README

web-scrape.py
- Optional: Use this script to scrape the web and ingest .csv files into your local server.
data-mover.py
- Modify .csv files for appropriate formatting (e.g., remove unwanted rows/columns, change date to SQL readable format, etc.).
- Create a copy of the .csv file in a temporary folder for the ETL pipeline to access and set data into the SQL DB.
- Insert the data into the SQL DB.
Create Windows Task Scheduler for data-mover.py
- Set up a scheduled task using Windows Task Scheduler to execute the data-mover.py script at the desired frequency.
Display your data from SQL Database via PowerBI

Data Cleaning:

Grab the list of files in the data directory with a .csv extension.
Get the newest file based on the modified time.
Clean the temporary directory by removing it if it exists and then creating a new one.
Copy the newest file to the temporary directory.
Read the data from the file into a DataFrame.
Manipulate the data by converting the primary key column values to ISO format and save the DataFrame back to the file.

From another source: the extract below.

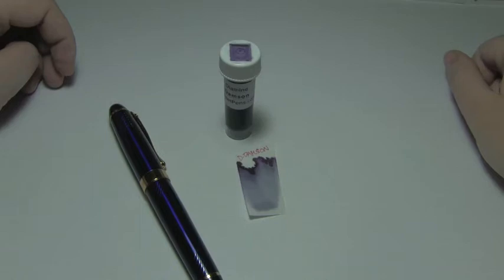Well hey there, you're on the internet, I have some free time, and welcome to the Triple N Network, where all you newbie nib nerds can find all the news you'll need.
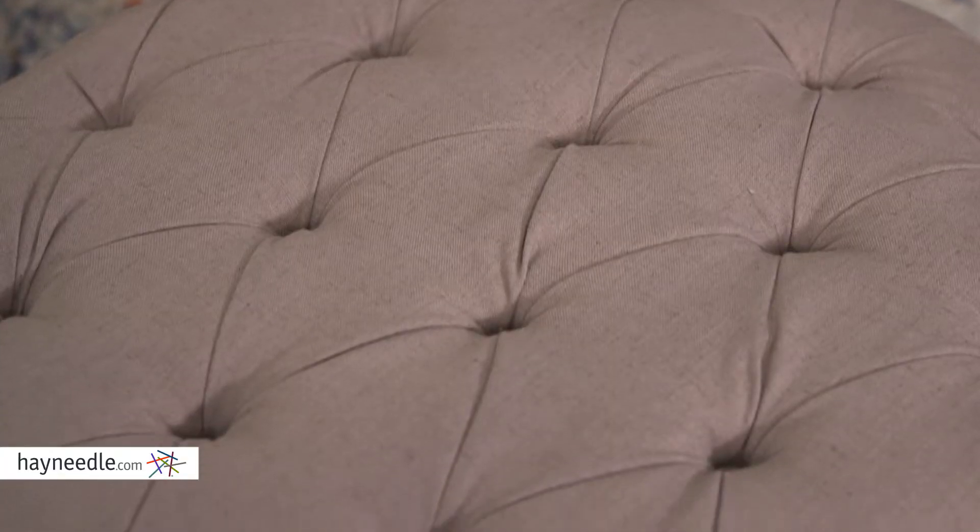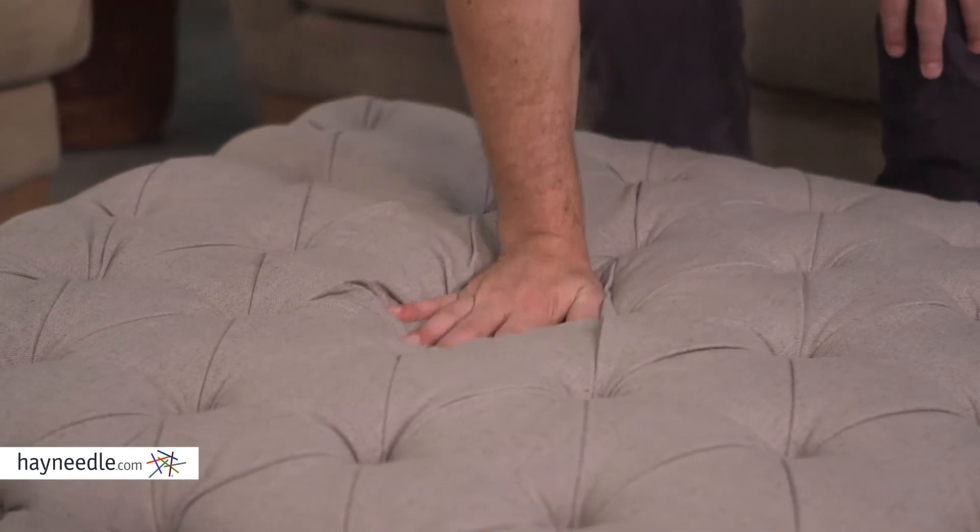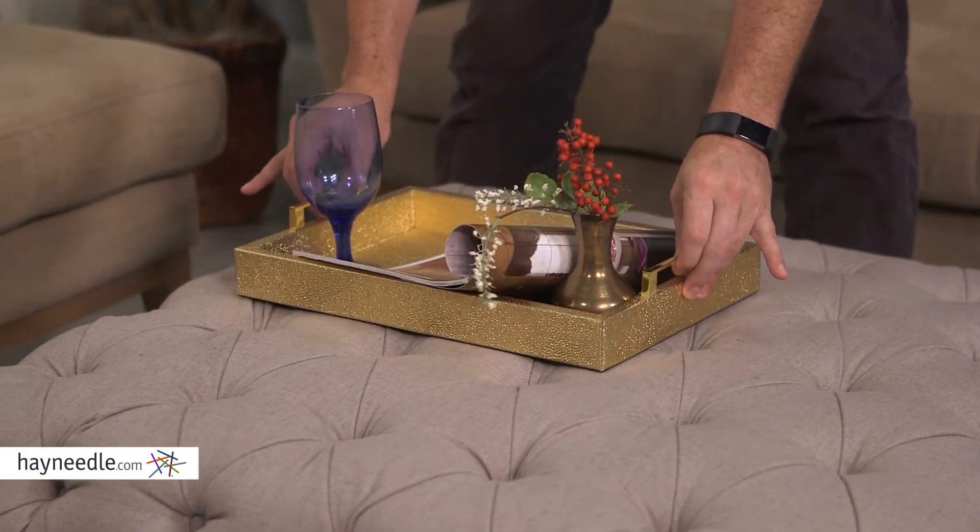Its button-tufted top and sides are super plush — plush enough to serve as extra seating, or firm enough to serve as a traditional ottoman or even a table. Plus, its neutral beige finish is sure to fit in with existing furniture.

Establish a connection to the database using the provided server, database, and driver information.
Read the existing data from the specified table into a DataFrame.
Read the new data from the temporary file into a DataFrame.
Clean the column names by replacing special characters and spaces with underscores.
Check if the table exists in the database.
If the table exists, retrieve the existing primary key values from the table.
Convert the primary key column values in the new data to match the database format.
Filter out duplicate rows based on the primary key column.
If the table doesn't exist, use the entire new data.
Ensure none of the column names end with an underscore.
Write the filtered DataFrame to the specified table in the database.